Sulit sekali menemukan orang bermodal yang membiarkan bukit anggrek indah di hutan dinikmati banyak orang tanpa harus membeli dan memilikinya untuk diri sendiri. Orang bisa menikmati tanpa harus memiliki, dan lebih sering orang memiliki tanpa sanggup menikmati. Dalam bidang sosial gejala ini terlihat dalam bertambah kayanya sekelompok kecil elite, tanpa ada perhatian dan keterbukaan hati untuk menikmati kemajuan orang lain berkat bantuan yang diberikan. Filantropi rupanya asing pada awal kapitalisme. Keserakahan merupakan Kinderkrankheit des Kapitalismus atau penyakit kanak-kanak dalam kapitalisme.

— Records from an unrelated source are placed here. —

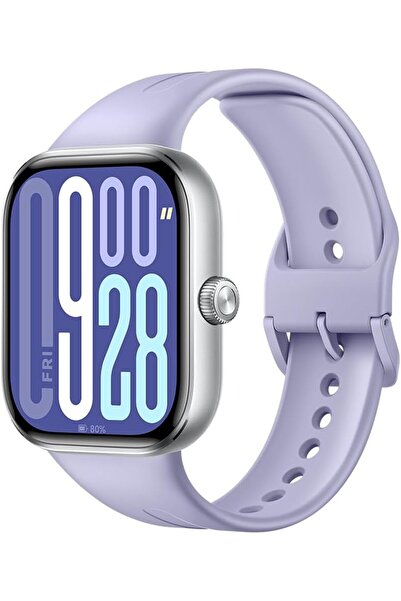 Generics Redmi Watch 5 Lavender Purple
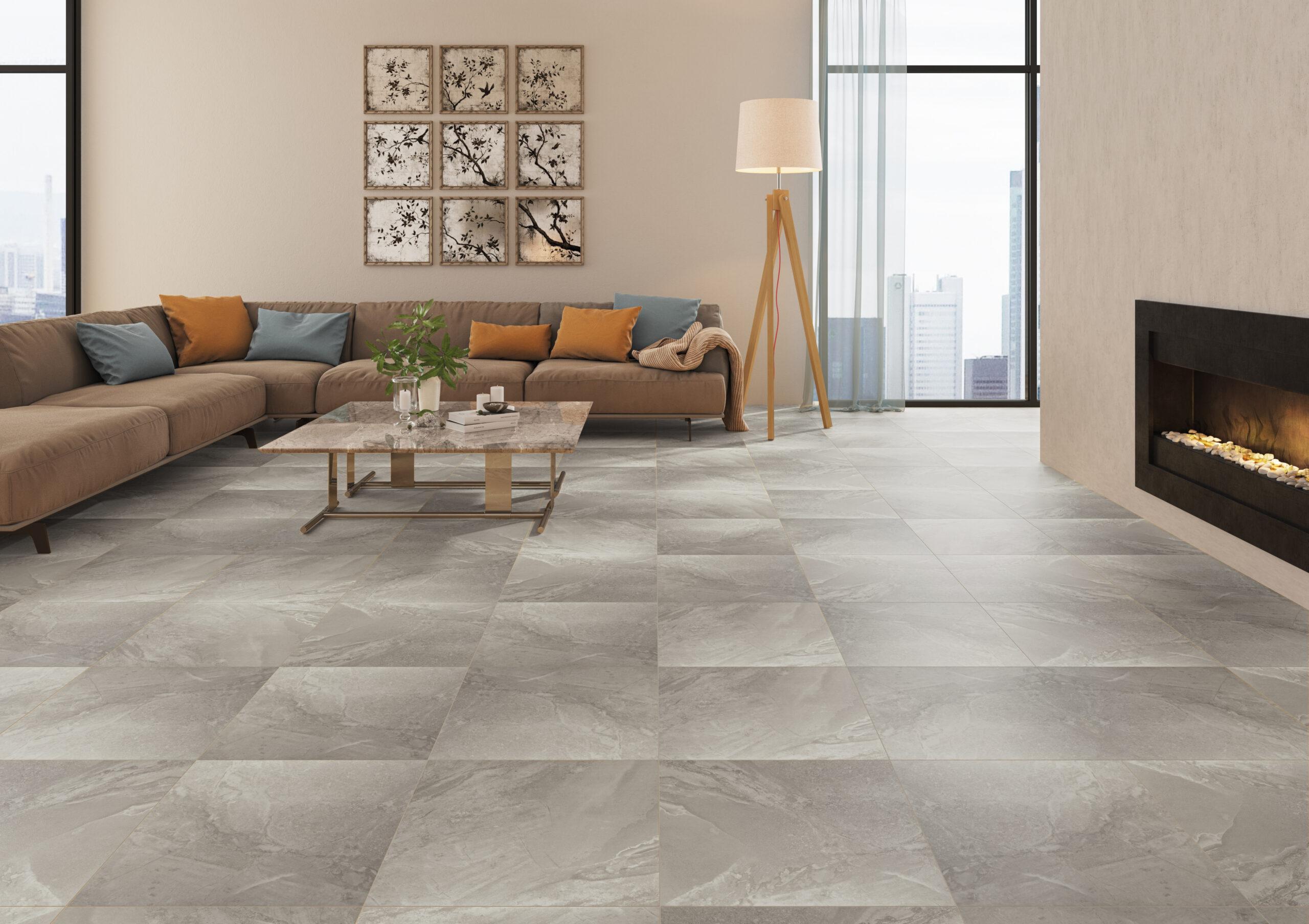 Nairobi 2 Nairobi Gris Room Scene scaled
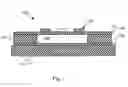 Fig. 02 - Pressure sensor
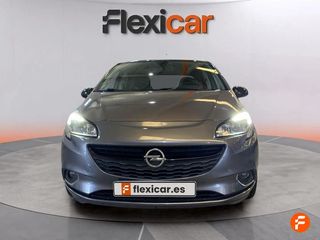 Opel Corsa 1.4 66kW (90CV) Design Line Auto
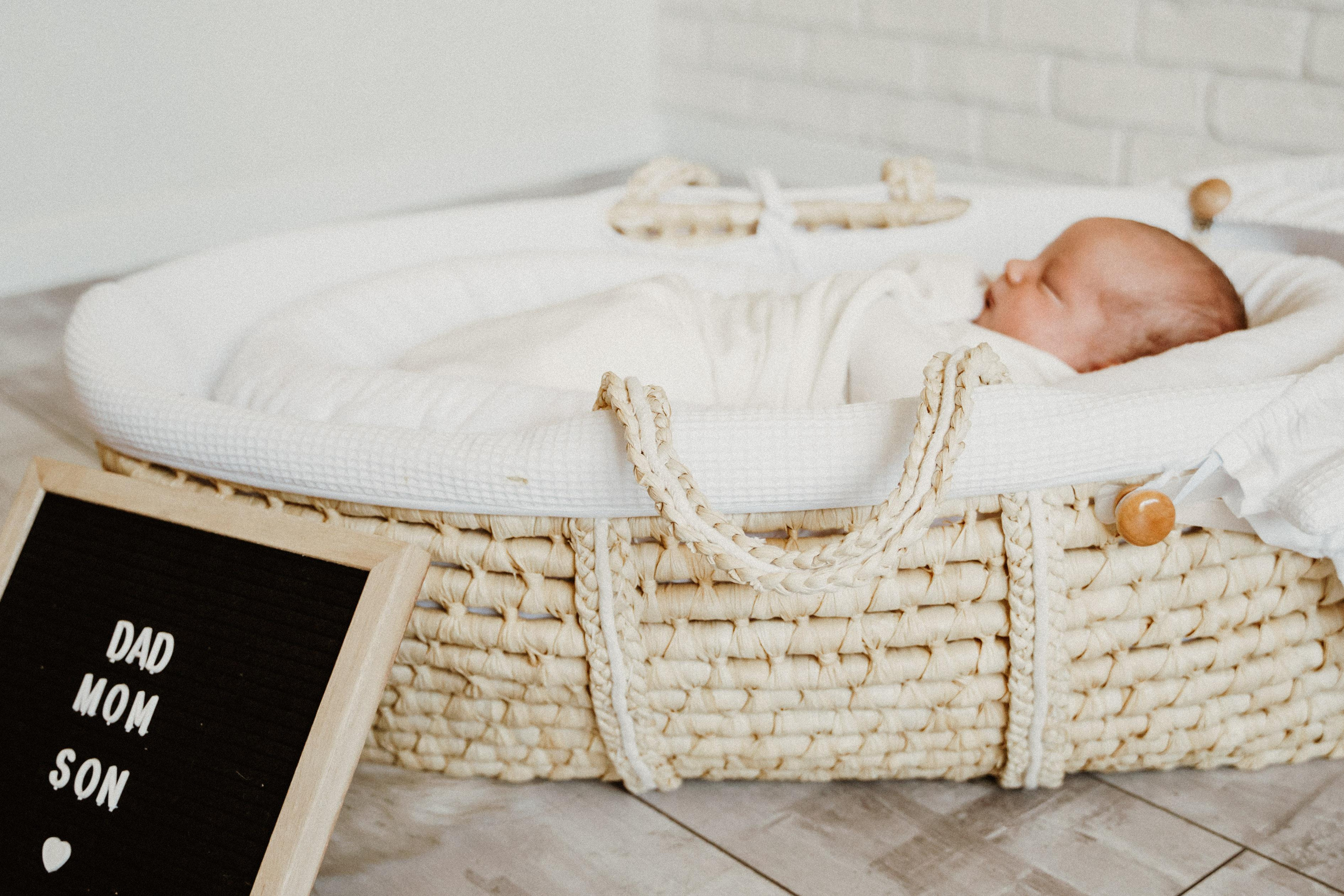 Домашняя фотосессия. Свадебный и семейный фотограф и видеограф в Калифорнии Сан-Франциско и Bay Area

Mentalitas dan sikap ilmiah
Studi tentang sejarah ilmu pengetahuan pernah dilakukan filsuf Alfred North Whitehead dan dikemukakan dalam serangkaian kuliah di Universitas Harvard pada paruh pertama 1920-an dan kemudian diterbitkan sebagai buku Science and The Modern World. Sebuah tesis yang dipertahankannya dengan berbagai bukti historis ialah bahwa pembentukan mentalitas dan sikap ilmiah sering kali lebih penting dan lebih mendorong kemajuan dibandingkan kehadiran ilmu pengetahuan dan teknologi itu sendiri. Hadirnya teknologi di suatu negara tak dengan sendirinya menunjukkan kemajuan negara itu dalam ilmu dan teknologi, karena produk teknologi selalu bisa dibeli. Suatu negara dapat dikatakan maju kalau dapat memproduksi teknologi itu, bahkan menemukan jalan memproduksi teknologi baru.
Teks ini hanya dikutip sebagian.